What to produce: Below is a listing with pictures. Repeat exactly the lines starting at the one holding "Fil Mohair doux" and going on through the one holding "Load image into", and leave every picture out.

Dataset entries:
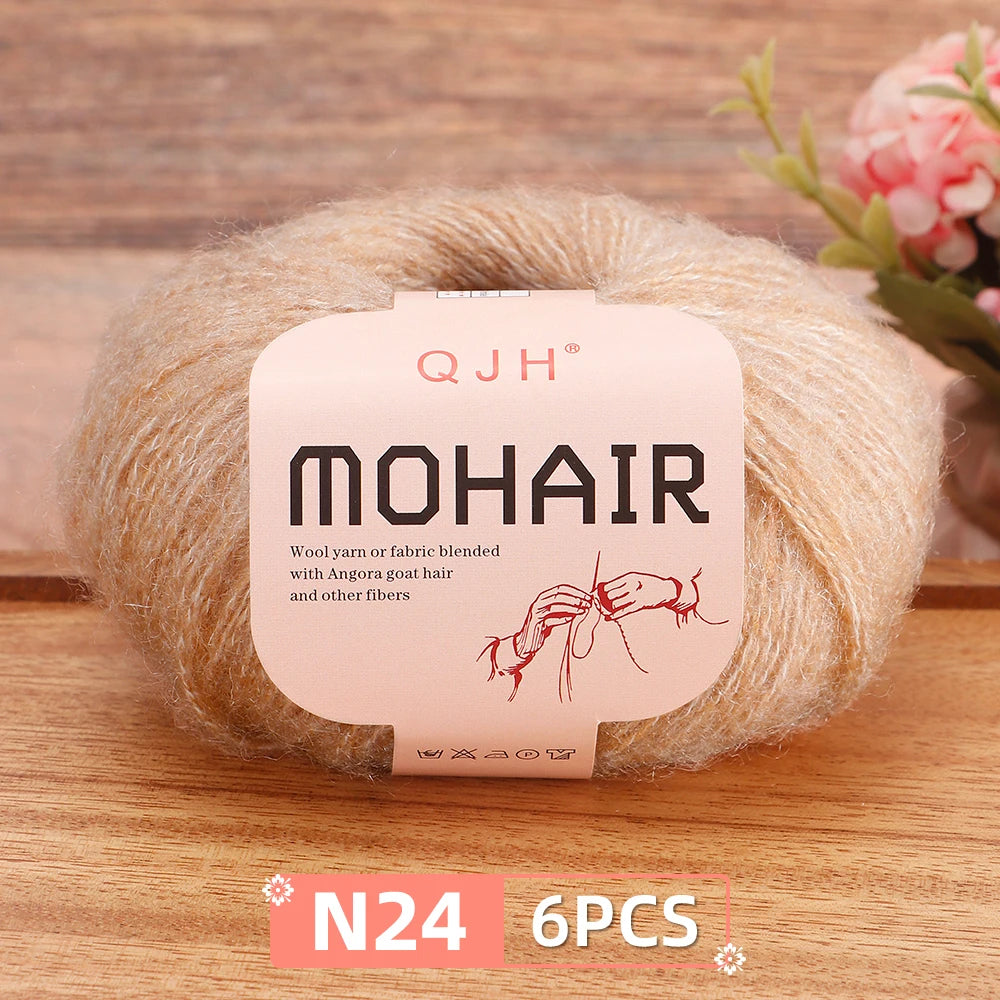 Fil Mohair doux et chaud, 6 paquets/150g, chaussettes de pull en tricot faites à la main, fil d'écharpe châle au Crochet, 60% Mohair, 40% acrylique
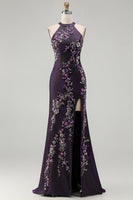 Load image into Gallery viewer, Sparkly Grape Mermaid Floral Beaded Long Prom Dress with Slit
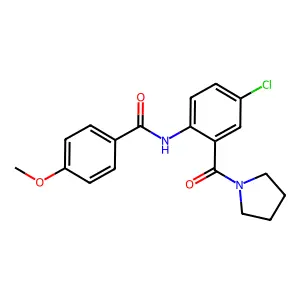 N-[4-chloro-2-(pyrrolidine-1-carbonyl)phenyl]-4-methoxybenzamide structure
...
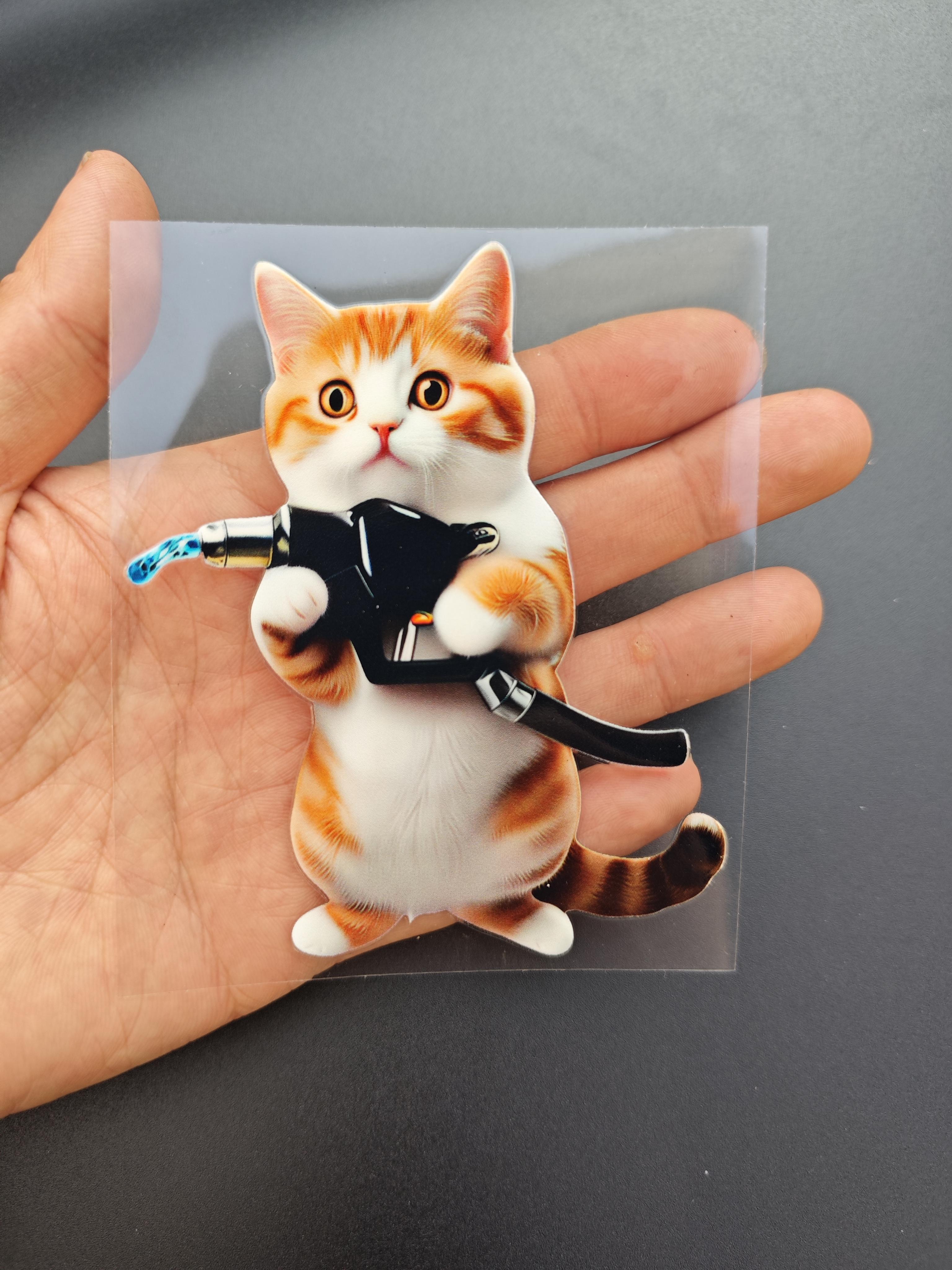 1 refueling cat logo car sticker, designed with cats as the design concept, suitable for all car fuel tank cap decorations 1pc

Answer to the exercise:
 Fil Mohair doux et chaud, 6 paquets/150g, chaussettes de pull en tricot faites à la main, fil d'écharpe châle au Crochet, 60% Mohair, 40% acrylique
 Load image into Gallery viewer, Sparkly Grape Mermaid Floral Beaded Long Prom Dress with Slit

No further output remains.